A daily dose of process literacy

In my quest towards developing people’s process literacy, I had an opportunity to make another small stride a couple of weeks ago. During an event where I was MC, I used a tiny bit of the air time I was granted to share one process tip per day.

 

Here are the ones I shared, and some others that I had planned to use (but didn’t get round to):

“What the heck did you mean”? Write coloured cards, flipcharts and other public writings with capital letters and full sentences. That will be a business skill useful for your future conferencing, and it will help the recording of the works.

The public stage fear not, young jedi”. If you fear public speaking, get to know the room/stage where you will have to perform. And get to know the audience by meeting as many people as you can. When speaking, focus on the people you know (your friends) and remember that no one wants you to fail, they’re all supporting you. And most importantly: rehearse!

Pop your mic up”. The art of holding a microphone. With mikes, you aim at a pop music effect, ie. easy listening. On the other hand you want to avoid the heavy metal stance (mic in your mouth – really not cool as an audio effect) and the reggae stance (mic by your hips because you’re too relaxed). The pop stance is about one fist away from your mouth.

Feed your feedback forward“. One way to give good feedback: Make sure it’s welcome (not unsolicited) – and btw the onus is on you as a collective to develop a culture that favors regular and quick feedback. Give it on the spot as much as possible. Be specific about what you noticed and what the impact was e.g. “When you did xyz, this is the effect it had on me”. “When you said abc, this is how I felt”. E.g. “when you said communication doesn’t matter, you made me feel invisible and useless, and resentful as a result”.

Read the colors” – the language of colors is fascinating. Including for flipcharts, Powerpoint slides etc. Some research shows that black is dull, red makes people upset, and that the most comfortable colours for core content are earth tones: dark green, brown, purple, dark blue. Use these in your slides and write-ups!

Remember me”. This is about your presentations. Use fewer words in each slide and more visuals to harness those words – make YOURSELF the focus, not the presentation. And see more at: https://km4meu.wordpress.com/2016/10/02/wow-public-speaking/

Make space for the ladies”. When you set up a ‘panel discussion’, first of all be aware that you don’t have to (there are many alternatives to panel discussions). But if you insist on a panel, avoid ‘Manels’ (all-men panels) or ‘womanels’ for that matter. And when it starts, most importantly, ask a woman the first question always, that will give them (and possibly other women on stage) more incentives to engage more.

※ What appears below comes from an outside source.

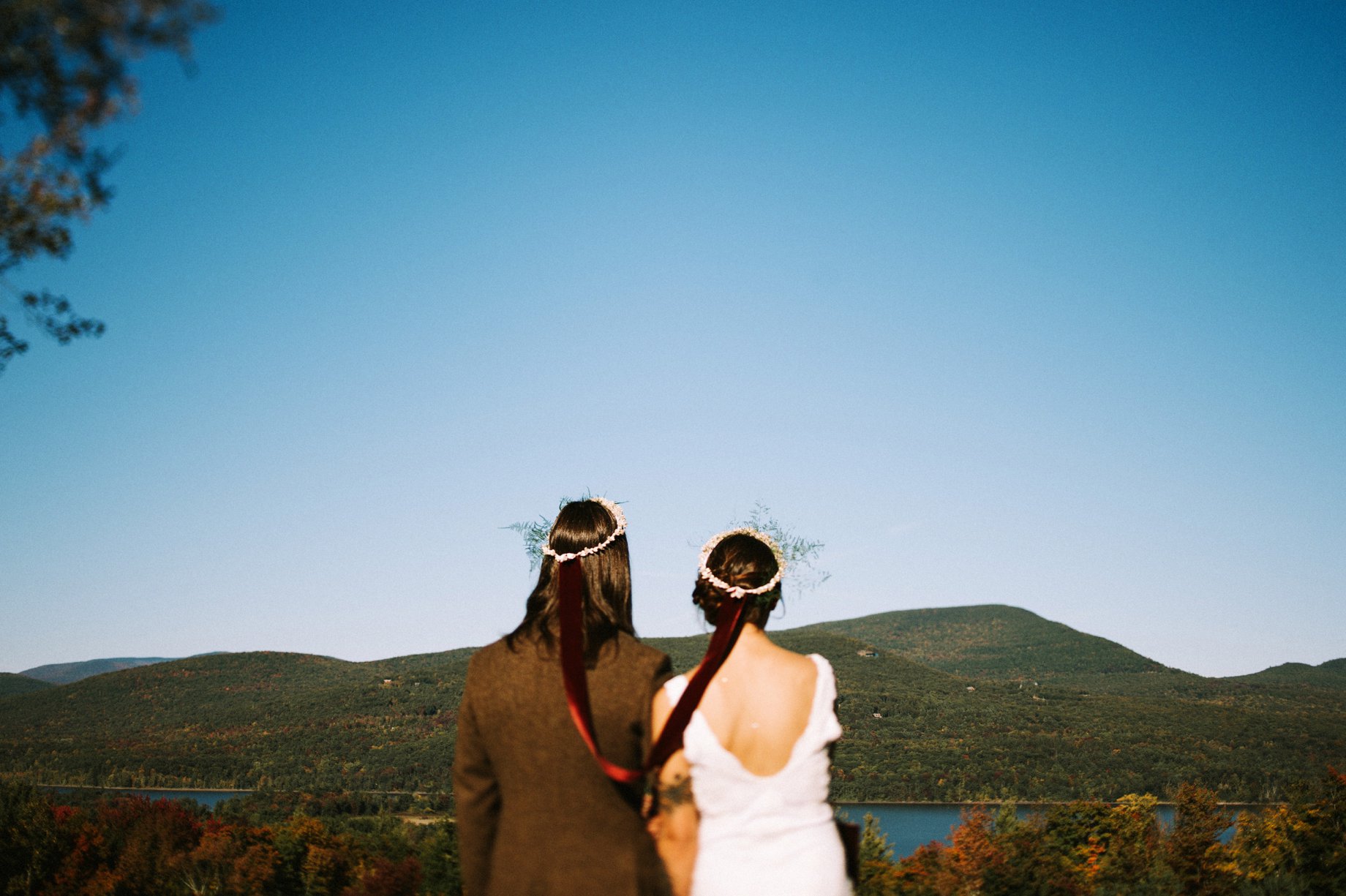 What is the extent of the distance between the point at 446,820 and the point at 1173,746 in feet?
268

Make it worth their while“. This is about sharing information, whether in a Powerpoint presentation, or more generally talking to another person. Think always about the other person – what’s in it for them? WIIFM (What’s In It For Me) and drop all the details that are not useful (e.g. sharing your research protocol details to policy makers)…

Was giving this series of tips effective? Probably not in the sense of changing behaviour directly. And it happened in my spiel in the morning so at a time when not everyone was caffeinated enough to fully embrace these ideas.

Was it useful? Difficult to say again, but with behaviour change, I’m a disciple of ‘Bend it further, one little step at a time’…

Was it fun to do? For me, certainly, and I think for some of the participants.

And actually I did see some people embrace my chart writing tips, and I’m sure some of the 300 people present then might have picked up the general idea that there’s a whole process world out there, even if they only saw the tip of the iceberg.

And that’s one little way to honour my contribution to the world… More to come!